Amgen, Owkin study shows cardiac-predicting AI outperforms traditional clinical methods

Amgen, Owkin study shows cardiac-predicting AI outperforms traditional clinical methods

The medical artificial intelligence developer Owkin has reached a milestone in its three-year data project with Amgen, demonstrating that machine learning techniques can be more accurate at predicting a person’s chances of developing severe cardiovascular disease compared to routine clinical methods.

Using information collected from more than 13,700 participants in the placebo arm of an Amgen clinical trial, which had been evaluating the cholesterol drug Repatha, Owkin’s AI algorithms were able to better identify groups of patients at the highest risk for death, heart attacks or stroke over a period of more than three years.

The company’s analysis compared multiple AI approaches, and fed the programs hundreds of different clinical variables. The best-performing model relied on the typical prognostic factors of heart disease—age, medical history, smoking status, cholesterol count, kidney function and additional conditions such as diabetes—but it was also able to identify less-common details that could one day lead physicians to prioritize treatment.

Owkin’s AI learned that high values of microalbumin proteins in random urine tests were associated with an increased chance of major cardiovascular complications, and that, conversely, low values of albumin in the bloodstream also carried increased risks. The company’s results were published in The European Heart Journal – Digital Health.

The programs were also able to give a peek into the “black box” methods used to reach their predictions, ranking which variables had the largest impacts on their calculations—the number of previous heart attacks and hemoglobin A1C levels carried slightly more weight than coronary stent placements or total cholesterol ratios, for example.
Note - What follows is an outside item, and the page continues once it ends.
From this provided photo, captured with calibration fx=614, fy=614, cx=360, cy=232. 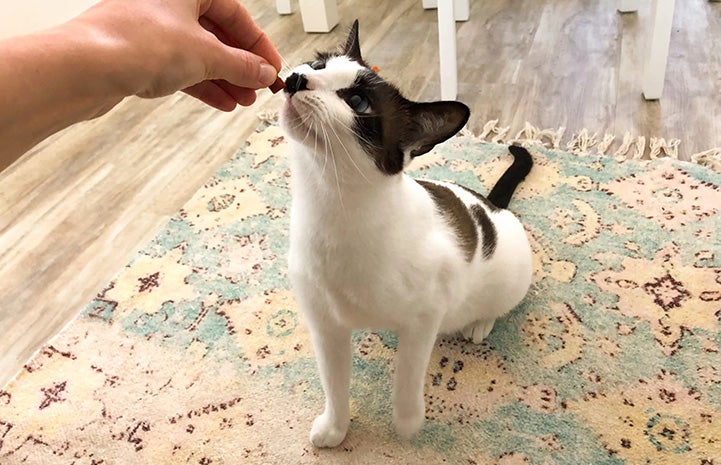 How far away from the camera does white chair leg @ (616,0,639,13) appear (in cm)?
251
The models would have to be adjusted for clinical use, the researchers wrote in their paper, because many hospital electronic health records do not collect as much data from patients compared to participants in a clinical trial. However, a globally applicable risk score could be built on data incorporating a wider range of patients and health systems, they said.

Amgen and Owkin have been working together since 2016 on AI projects spanning cardiology, hematology and oncology. Since then, Owkin has launched a large, international network for sharing the data needed to train AIs to spot biomarker patterns, and it most recently garnered a $180 million equity investment from Sanofi last month.

That deal with the French drugmaker also included an additional $90 million discovery and development partnership slated for the next three years, aimed at supplementing Sanofi’s research efforts in four different cancers.